WORK TASK: Locate "Photograph of product: Goldkine" in the listing. Transcribe the line that contains it and every line that follows, through the last, omitting all pictures.

--------------------

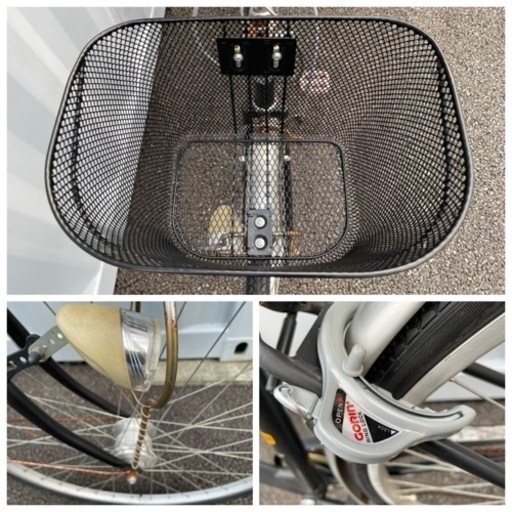 No.305 【LEDオートライト、6段変速】☆激安☆ 中古自転車 27インチ 軽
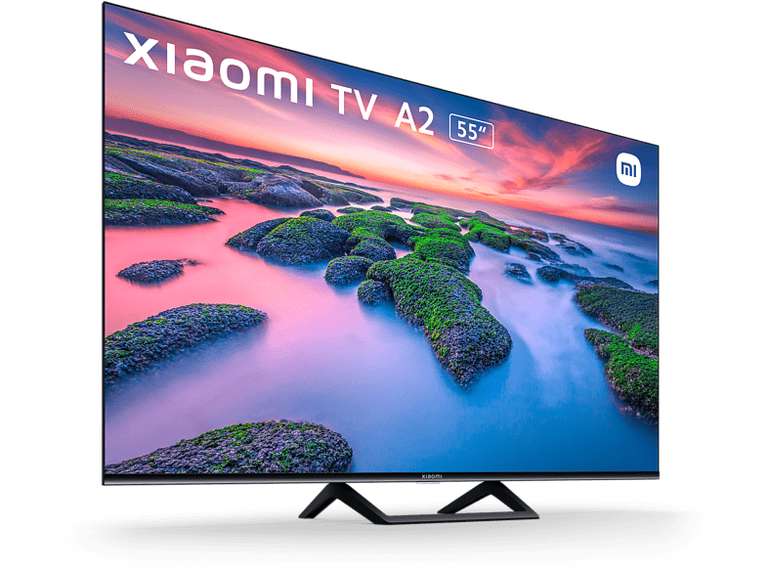 TV LED 55" - Xiaomi TV A2, UHD 4K, Smart TV, HDR10, Dolby Vision, Dolby Audio, DTS-HD, Inmersive Limitless Unibody, Negro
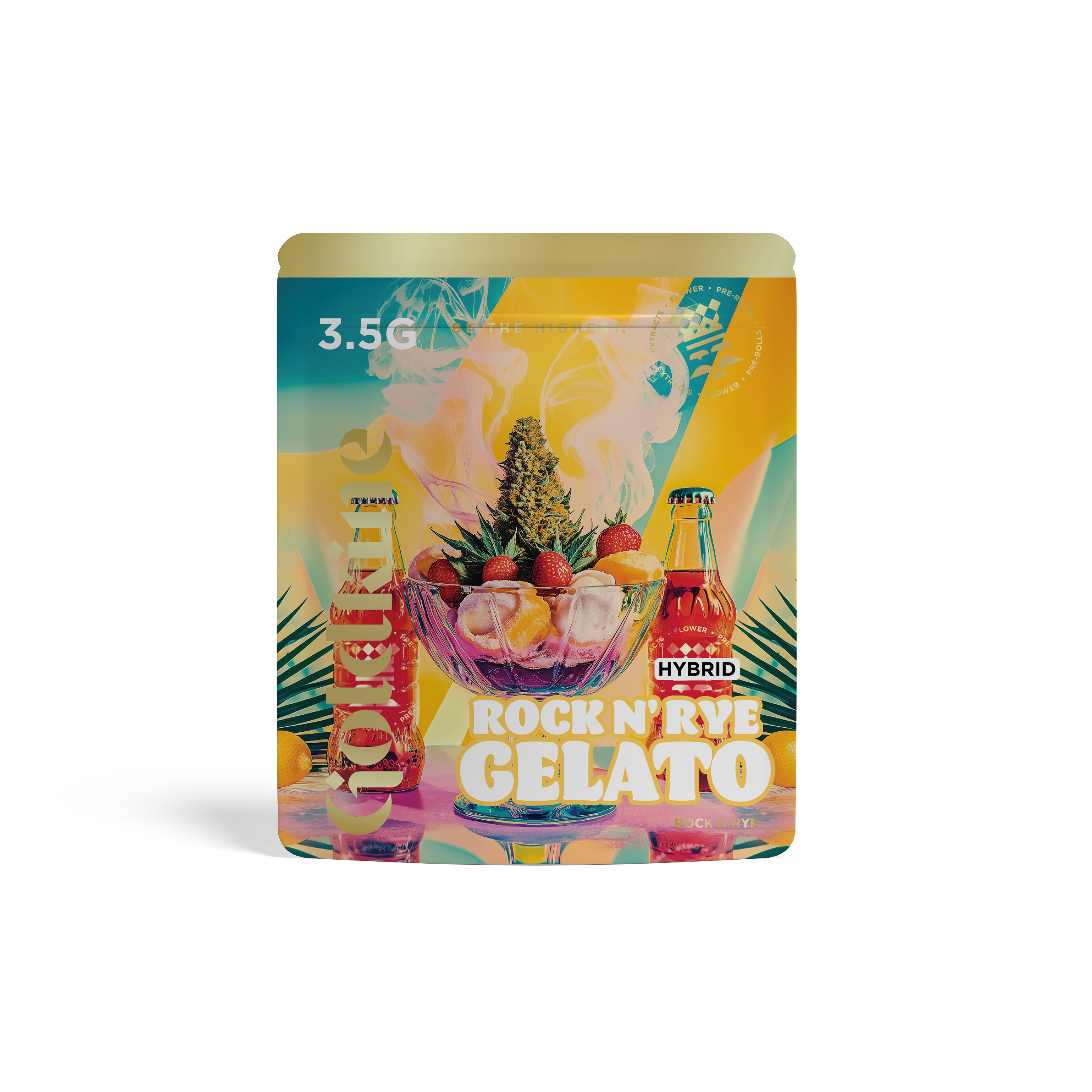 Photograph of product: Goldkine - Rock n Rye Gelato - 3.5g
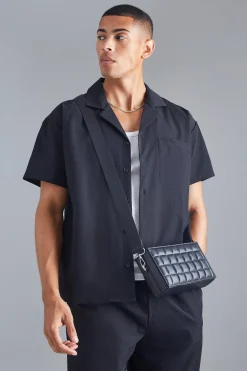 Technical Stretch Boxy Shirt & Trouser | BoohooMAN UK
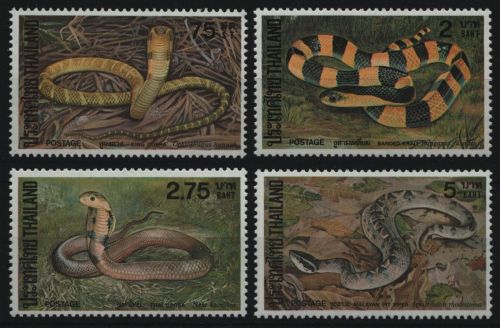 Thailand 1981 - Mi-Nr. 989-992 ** - MNH - Schlangen / Snakes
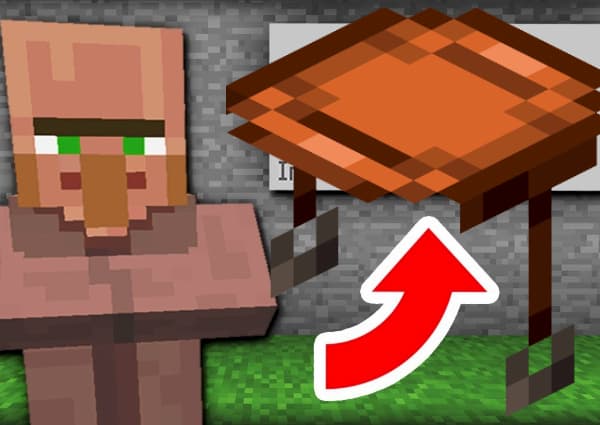 Cómo hacer una silla de montar en Minecraft mediante el comercio con los aldeanos.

--------------------

EXERCISE ANSWER:
 Photograph of product: Goldkine - Rock n Rye Gelato - 3.5g
 Technical Stretch Boxy Shirt & Trouser | BoohooMAN UK
 Thailand 1981 - Mi-Nr. 989-992 ** - MNH - Schlangen / Snakes
 Cómo hacer una silla de montar en Minecraft mediante el comercio con los aldeanos.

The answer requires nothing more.